Financial Summary - For the period 1 July to 30 September 2014
- Underlying Loss before tax of $45.0 million, an improvement of 18.3% on Q1 FY14
- Statutory loss after tax of $59.1 million
- Group Yield in line with Q1 FY14, with positive Domestic Yield growth
- Underlying CASK growth of below 1%
- Revenue increased 1.3% on Q1 FY14
17 October 2014: Virgin Australia today reported an Underlying Loss Before Tax of $45.0 million for the first quarter of the 2015 financial year, representing an 18.3 per cent improvement over the prior corresponding period. The first quarter is traditionally a seasonally weaker period for Virgin Australia.
Revenue increased 1.3 per cent on the prior corresponding period. Notwithstanding the growth in high yielding passengers, the continued weakness in leisure demand resulted in Group Yield in line with prior year. Revenue Load Factors for the first quarter were slightly lower compared to the 2014 financial year.
The business incurred restructuring charges of $8.2 million and hedging ineffectiveness costs of $14.3 million, reflecting the realisation of gains recognised in prior periods. Underlying Cost per Available Seat Kilometre (CASK) increased by less than 1 per cent, delivered on the back of strong cost programs implemented during the quarter.
Available Seats on Virgin Australia’s domestic operation increased 0.5 per cent on the prior period.
The underlying result excludes Virgin Australia’s share of equity accounted losses of Tigerair Australia amounting to $11.6 million for the first quarter, up from $9.7 million in the prior corresponding period as a result of ongoing subdued consumer sentiment. Available Seats on Tigerair Australia increased 4.5 per cent and Revenue Load Factor increased marginally by 0.5 percentage points on the prior corresponding period.

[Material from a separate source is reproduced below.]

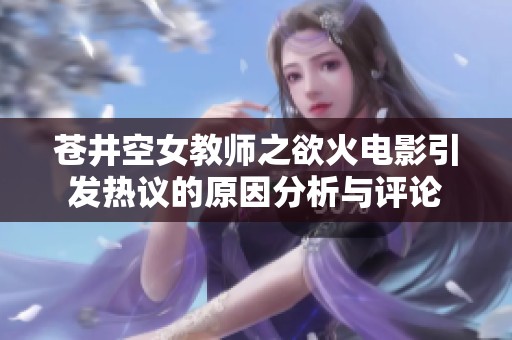 苍井空女教师之欲火电影引发热议的原因分析与评论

Virgin Australia Chief Financial Officer Sankar Narayan said: “The results reflect an improved performance compared to the prior corresponding quarter, despite ongoing weak consumer sentiment. It is also important to note that the first quarter of the year is traditionally a weaker demand period compared to the second quarter.
“While the leisure segment has remained subdued, we have delivered further growth in the Corporate and Government segment. We have also demonstrated good progress on containing costs, continuing the downward trend in underlying CASK growth established over the calendar year. We are yet to fully realise the benefits of the changes that have been made to date under the cost program, with further benefits expected in the financial year ahead.
“Tigerair Australia performance for the quarter was impacted by weak consumer sentiment which has a more pronounced impact on low cost carriers, with earnings impacted by aligning capacity with underlying demand.
“As of 30 September 2014, forward intakes for Virgin Australia were up more than 3 per cent on this time last year”, Mr Narayan said.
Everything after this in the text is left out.